*Task details*
Should an entry contain an image, omit it and repeat the rest exactly.

Data Block Start

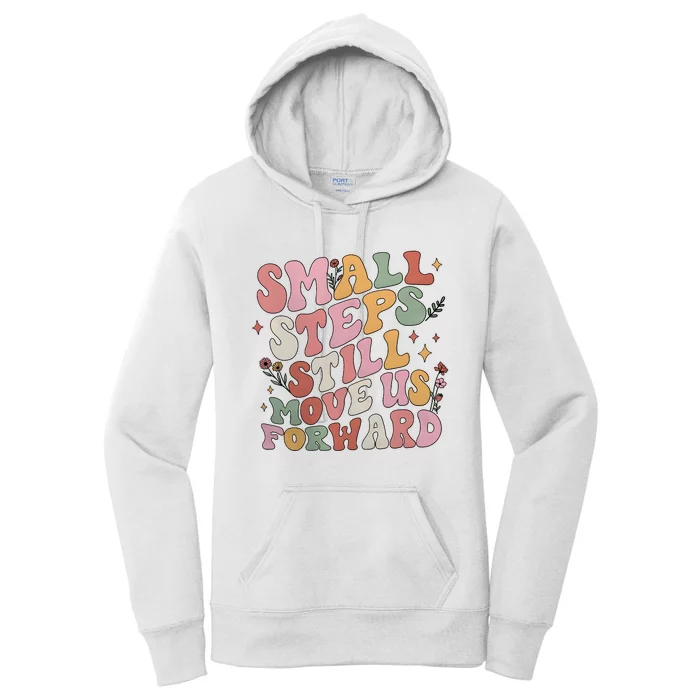 Small Steps Still Move Us Forward Women's Pullover Hoodie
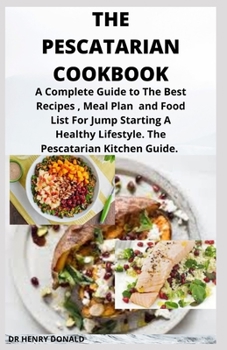 THE PESCATARIAN COOKBOOK: A complete guide to the best recipes, meal [plan and food list for jump starting a healthy lifestyle. the pescatarian kitchen guide.
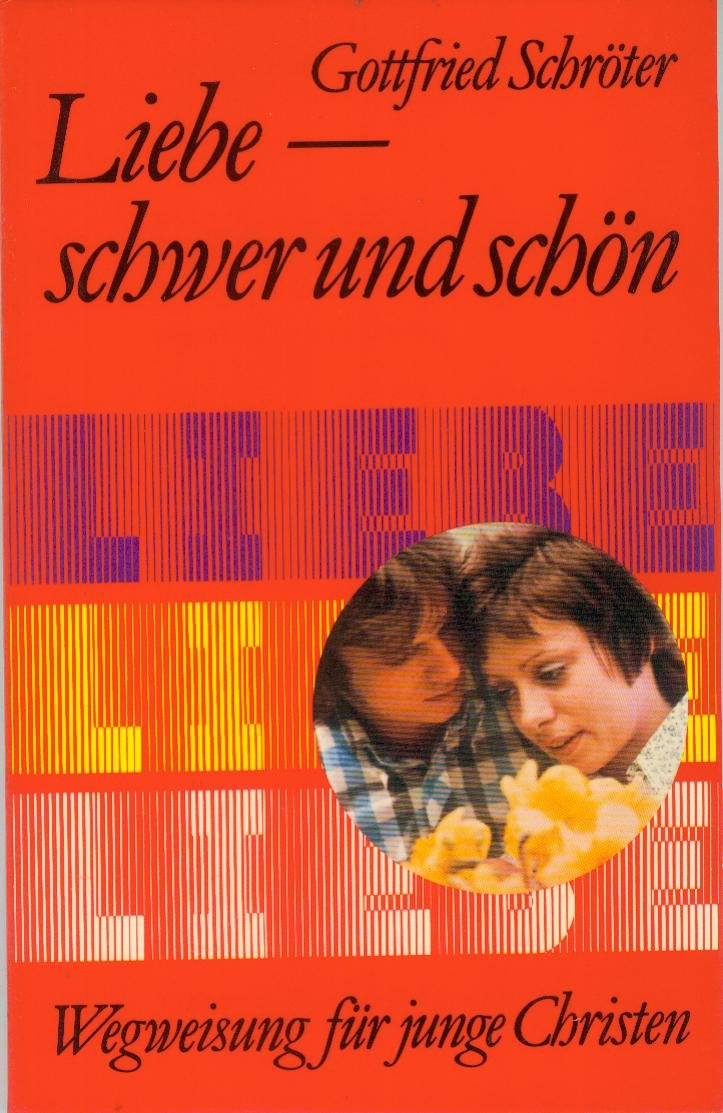 Liebe, schwer und schön. Wegweisung für junge Christen Partnership & Love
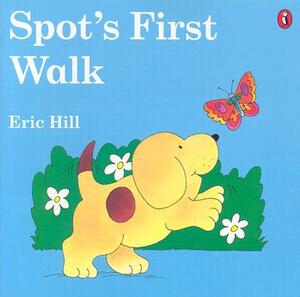 Spot's First Walk by Eric Hill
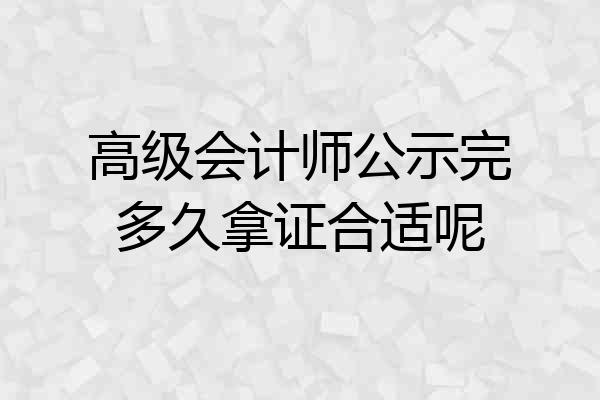 高级会计师公示完多久拿证合适呢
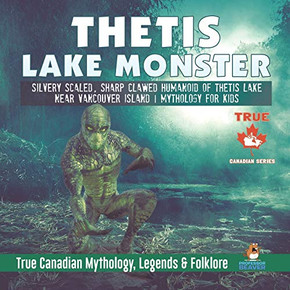 Thetis Lake Monster - Silvery Scaled, Sharp Clawed Humanoid of Thetis Lake near Vancouver Island | Mythology for Kids | True Canadian Mythology, Legends & Folklore Thetis Lake Monster - Silvery Scaled, Sharp Clawed Humanoid of Thetis Lake near Vancouver Island | Mythology for Kids | True Canadian Mythology, Legends & Folklore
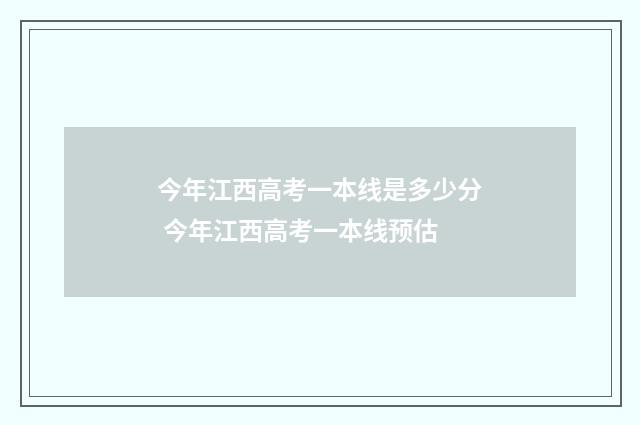 今年江西高考一本线是多少分 今年江西高考一本线预估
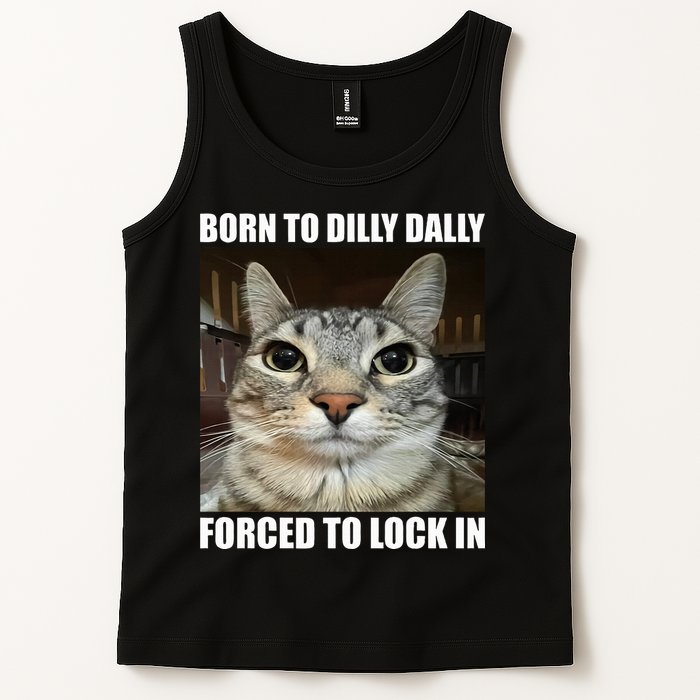 Born To Dilly Dallly Forced To Lock In Cat Lover Tank Top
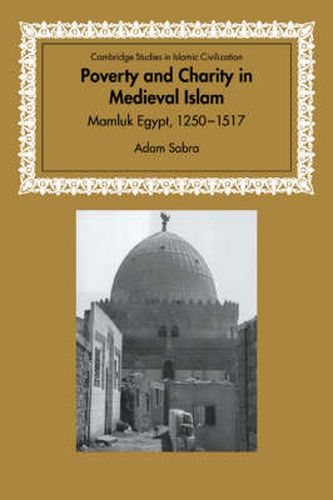 Cover image for Poverty and Charity in Medieval Islam: Mamluk Egypt, 1250-1517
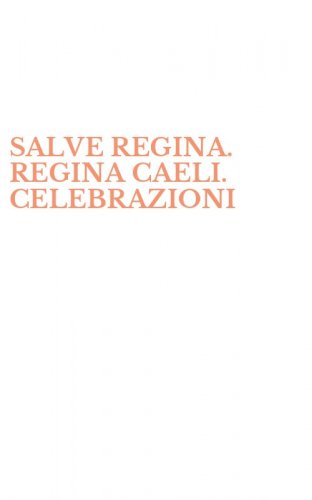 SALVE REGINA. REGINA CAELI. CELEBRAZIONI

Data Block End

*Solution for this problem*
 Small Steps Still Move Us Forward Women's Pullover Hoodie
 THE PESCATARIAN COOKBOOK: A complete guide to the best recipes, meal [plan and food list for jump starting a healthy lifestyle. the pescatarian kitchen guide.
 Liebe, schwer und schön. Wegweisung für junge Christen Partnership & Love
 Spot's First Walk by Eric Hill
 高级会计师公示完多久拿证合适呢
 Thetis Lake Monster - Silvery Scaled, Sharp Clawed Humanoid of Thetis Lake near Vancouver Island | Mythology for Kids | True Canadian Mythology, Legends & Folklore Thetis Lake Monster - Silvery Scaled, Sharp Clawed Humanoid of Thetis Lake near Vancouver Island | Mythology for Kids | True Canadian Mythology, Legends & Folklore
 今年江西高考一本线是多少分 今年江西高考一本线预估
 Born To Dilly Dallly Forced To Lock In Cat Lover Tank Top
 Cover image for Poverty and Charity in Medieval Islam: Mamluk Egypt, 1250-1517
 SALVE REGINA. REGINA CAELI. CELEBRAZIONI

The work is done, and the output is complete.